I have this function $$f(x)=10x^2-5x+2, \qquad (1)$$ I plot it on the domain $(0,2)$ and this is the result
As can be seen, the function is symmetric over the domain $(0,0.5)$.
I need to know the form of the function which repeats this symmetric part over the domain like this
How can I use $(1)$ to find the explicit form of a function which gives the above plot?
Thanks in advance for any comments.
On
Note that your quadratic is $$f(x) = 10\left(x-\frac{1}{4}\right)^2+\frac{11}{8}$$
We just want to shift this function over to the right by half a unit every half unit interval, so the function
$$g(x)=10\left(x-\frac{2k+1}{4}\right)^2+\frac{11}{8}$$ if $x\in\left[\frac{k}{2},\frac{k+1}{2}\right)$ for some non-negative integer $k$ does the trick.
On
You may describe the wanted periodic function through its Fourier Series. On the wiki page towards the bottom, there is a table of common Fourier transforms and in particular for the $P$-periodic function $\frac{4A}{P^2}(x-\frac{P}2)^2$, $0\leq x\leq P$. All you have to do is to add the missing constant $f(P/2)$ to the series.

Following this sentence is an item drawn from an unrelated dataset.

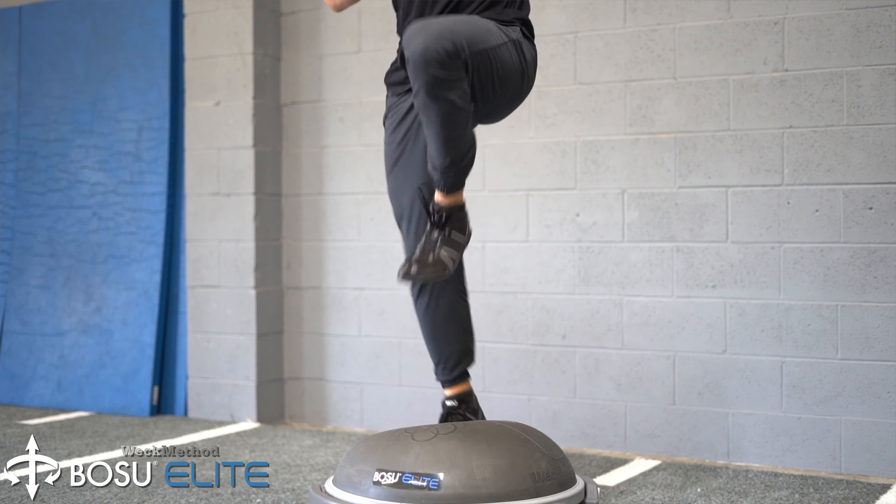The Bosu knee driver is an excellent drill for development of proper sprint mechanics and development of foot and ankle strength in runners. Focusing on maintaining posture and pulling the heels to the hamstrings, the elastic return from the Bosu Elite will teach you to be extremely fast with your feet.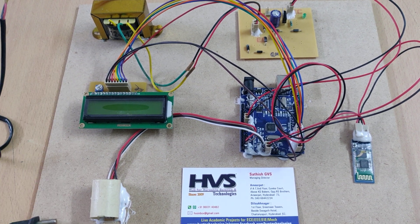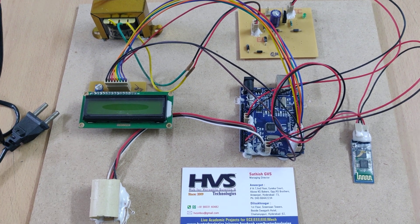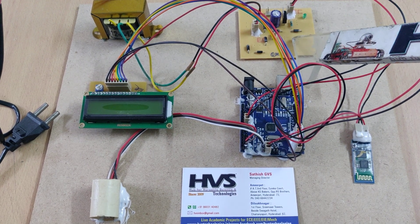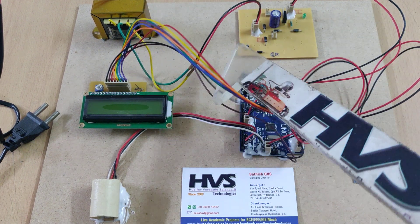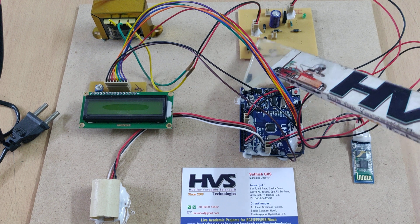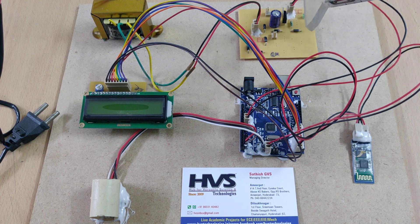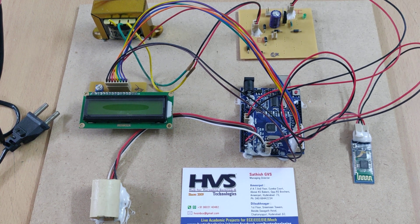For the power supply, we provide mains input to a transformer that steps down the AC voltage to 12V AC. After the power supply board, we get a constant 5V regulated supply. Four diodes are used as a bridge rectifier, and after rectification the capacitor removes the pulsating DC to give pure DC. The 7805 regulator then provides the final stable voltage.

With $P=0.5$, $A=10/16$ and $f(P/2)=11/8$ you wind up with the cosine series
$$ f(x) = \frac{38}{24} + \sum_{n\geq 1} \frac{5}{2\pi^2 n^2} \cos(4\pi n x)$$
The function is:
$$f(g(x)) = 10(|x| \text{ mod } {0.5})^2 - 5(|x| \text{ mod } {0.5})^2 + 2$$
where $g(x) = |x| \text{ mod } {0.5}$.
The function $h(x) = 10|x|^2 - 5|x| + 2$ is an even function which reflects the $x ≥ 0$ part of the function across the $y$-axis, as $h(-x) = h(x)$. Adding the modulo $0.5$, the function is reflected across $x = 0.5k, k \in \mathbb Z$ which repeats the function every $0.5$ units. This works for any real number, not just $0.5$.